Maroushka Kanywani: Tammi, as Senior BI Strategist at SAS, what does your job entail?
Tammi Kay George: I am primarily responsible for the message direction of our BI products globally. This includes working with customers, leaders, analysts and the press to understand not only what SAS does for business intelligence, but to also understand where the market is going and the needs of customers and prospects.
Then I bring that feedback back to SAS and relay it to our product managers, field marketers and our other marketing experts to make sure that they're aware of what the latest pain points in the market are and how does SAS solve those pains.
In essence, my job is to be out there listening, talking and gathering that type of information so that we can bring that back and figure out how to help our customers and prospects better. I do this more from a marketing perspective than the actual product perspective. So I work with product management to develop messaging and positioning that reflects the capabilities of our products.
MK: That sounds very interesting. Now in terms of new directions for SAS, could you tell me what's going on with the BI part of things?
TKG: We have some cool things going on. Last year we had an exciting announcement around visualization. SAS has a product called JMP, which is a really cool, interactive, visual querying, data exploration, data presentation and analysis product. It is now integrated with our BI offering and what that means is that within the BI environment things such as our presentation layer, dashboards, reports - all these capabilities have this very rich integration with the JMP product and we refer to the combination of JMP and SAS BI as "visual business intelligence."
Everyone needs different capabilities. An executive has a different set of capabilities from BI and analytics than someone who is an analyst, a statistician or someone who is a manager or a director. What JMP integrated with our BI product allows you to do is, provide analysts the capability to do really rich, quick data visualization. The analysts can take large quantities of data, do the analysis they need to do and all this can be done very fast because the analysis is visual and not tabular. You can even actually create data movies and show how results change over time with multiple dimensions.
In addition, earlier this year, SAS acquired Teragram. What Teragram allows us to do is combine the natural language search and the natural language processing capability within an unstructured environment. So it allows us to combine the structured world with the unstructured text world.
The SAS vision regarding this is that we want to enable organizations to be able to do queries like sales estimate forecast for 2010 and instead of having links to reports come up, we would like to actually have an answer come up instead - flush with all the background documents, insights or analyses that are related to that query.
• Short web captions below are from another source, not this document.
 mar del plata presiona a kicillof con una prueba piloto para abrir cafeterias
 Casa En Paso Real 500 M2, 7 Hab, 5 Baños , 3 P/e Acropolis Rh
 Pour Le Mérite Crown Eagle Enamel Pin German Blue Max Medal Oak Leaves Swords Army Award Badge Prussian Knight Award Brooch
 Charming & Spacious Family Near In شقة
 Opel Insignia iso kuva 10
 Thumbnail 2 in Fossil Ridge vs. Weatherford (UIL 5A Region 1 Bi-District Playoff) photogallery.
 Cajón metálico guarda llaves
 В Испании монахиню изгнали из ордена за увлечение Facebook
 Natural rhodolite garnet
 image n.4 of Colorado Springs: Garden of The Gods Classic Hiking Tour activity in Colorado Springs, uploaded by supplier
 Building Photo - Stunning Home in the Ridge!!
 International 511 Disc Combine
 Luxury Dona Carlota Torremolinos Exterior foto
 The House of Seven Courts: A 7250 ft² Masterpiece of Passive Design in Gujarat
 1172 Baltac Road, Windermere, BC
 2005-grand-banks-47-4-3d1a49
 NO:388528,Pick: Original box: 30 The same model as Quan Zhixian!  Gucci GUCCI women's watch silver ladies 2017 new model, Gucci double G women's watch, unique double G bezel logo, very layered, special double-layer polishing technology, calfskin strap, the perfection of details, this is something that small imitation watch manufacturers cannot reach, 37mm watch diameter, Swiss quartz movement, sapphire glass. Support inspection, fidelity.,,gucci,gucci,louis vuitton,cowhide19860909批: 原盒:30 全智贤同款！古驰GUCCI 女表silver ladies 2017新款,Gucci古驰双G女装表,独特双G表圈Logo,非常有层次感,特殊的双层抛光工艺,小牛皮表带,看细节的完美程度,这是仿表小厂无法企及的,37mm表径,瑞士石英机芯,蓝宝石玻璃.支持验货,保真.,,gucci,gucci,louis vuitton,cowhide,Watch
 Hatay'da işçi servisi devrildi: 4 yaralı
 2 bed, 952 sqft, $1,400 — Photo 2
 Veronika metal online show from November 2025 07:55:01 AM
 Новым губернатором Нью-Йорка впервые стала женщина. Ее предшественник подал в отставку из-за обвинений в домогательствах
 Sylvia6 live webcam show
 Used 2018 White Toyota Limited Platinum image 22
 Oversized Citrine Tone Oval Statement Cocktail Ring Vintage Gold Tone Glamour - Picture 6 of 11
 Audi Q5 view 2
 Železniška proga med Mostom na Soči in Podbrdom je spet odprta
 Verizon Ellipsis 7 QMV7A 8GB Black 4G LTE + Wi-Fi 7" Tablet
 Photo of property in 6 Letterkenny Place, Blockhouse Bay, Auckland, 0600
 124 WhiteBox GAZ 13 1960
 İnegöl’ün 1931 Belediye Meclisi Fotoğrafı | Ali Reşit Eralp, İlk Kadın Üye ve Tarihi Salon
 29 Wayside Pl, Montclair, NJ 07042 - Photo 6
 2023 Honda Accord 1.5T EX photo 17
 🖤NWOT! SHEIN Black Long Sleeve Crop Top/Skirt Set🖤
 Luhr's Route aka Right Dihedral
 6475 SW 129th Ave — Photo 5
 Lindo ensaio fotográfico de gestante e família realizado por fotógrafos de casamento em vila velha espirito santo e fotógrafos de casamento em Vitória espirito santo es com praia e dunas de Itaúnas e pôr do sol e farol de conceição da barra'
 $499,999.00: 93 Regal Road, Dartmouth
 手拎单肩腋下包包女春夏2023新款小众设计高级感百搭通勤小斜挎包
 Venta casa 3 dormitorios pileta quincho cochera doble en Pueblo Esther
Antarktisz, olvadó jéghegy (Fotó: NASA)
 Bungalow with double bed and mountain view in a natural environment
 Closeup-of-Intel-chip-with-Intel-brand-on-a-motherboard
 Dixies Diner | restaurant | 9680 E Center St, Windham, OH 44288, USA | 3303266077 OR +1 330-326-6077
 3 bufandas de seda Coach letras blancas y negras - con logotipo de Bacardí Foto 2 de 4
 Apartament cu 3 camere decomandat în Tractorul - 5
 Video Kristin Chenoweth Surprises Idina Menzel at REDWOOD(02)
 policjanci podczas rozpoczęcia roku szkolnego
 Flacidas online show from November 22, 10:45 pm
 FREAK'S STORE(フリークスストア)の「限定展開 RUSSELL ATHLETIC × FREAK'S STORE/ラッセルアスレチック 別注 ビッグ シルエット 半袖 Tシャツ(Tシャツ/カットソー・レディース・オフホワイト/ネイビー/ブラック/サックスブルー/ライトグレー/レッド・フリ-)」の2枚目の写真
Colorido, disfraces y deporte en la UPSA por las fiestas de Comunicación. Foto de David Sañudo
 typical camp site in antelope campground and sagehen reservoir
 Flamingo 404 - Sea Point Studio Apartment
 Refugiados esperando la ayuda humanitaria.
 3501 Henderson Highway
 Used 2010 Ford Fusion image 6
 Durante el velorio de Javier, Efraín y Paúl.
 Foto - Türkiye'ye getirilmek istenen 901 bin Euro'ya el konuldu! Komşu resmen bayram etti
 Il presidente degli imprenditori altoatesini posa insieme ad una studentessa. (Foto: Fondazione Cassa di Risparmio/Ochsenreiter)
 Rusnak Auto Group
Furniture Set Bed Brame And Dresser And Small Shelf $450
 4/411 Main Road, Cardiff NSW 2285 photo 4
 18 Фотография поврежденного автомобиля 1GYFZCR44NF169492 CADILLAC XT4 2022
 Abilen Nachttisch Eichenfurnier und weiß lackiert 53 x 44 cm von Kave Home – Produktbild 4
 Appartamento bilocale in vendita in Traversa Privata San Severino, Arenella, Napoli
There's so much to be gained from the Teragram acquisition; the unstructured world opens up a realm of mind-blowing changes. I would say that in the last 6 months, the JMP and Teragram acquisitions have been the most exciting announcements and I think both of them are on the cusp of ways that people are going to get more insight from data. It's important to note that people learn in different ways; some people are comfortable with seeing long rows or columns of numbers while other people need to be able to see relationships visually and when you add the capability of mining and categorizing unstructured data, video, voice and so forth, it starts to really gets exciting.
Steve Polilli: Just to provide some background on JMP - it is a fully-owned subsidiary company of ours and it's run by John Sall, who is also one of the founders of SAS.
In relation to Teragram one of the things I'd like to mention that I think is really cool is that it does natural language processing in unstructured data in over 32 languages. The internet, which is one of the places it searches, is mostly in English but there's a lot of unstructured data out there in other languages. This was an acquisition that was made for the technology; SAS has acquired companies for their technology and not for their market share. At SAS we don't go out looking for market share; we look for something that is really innovative and the leaders at SAS have promised a couple of more similar acquisitions this year.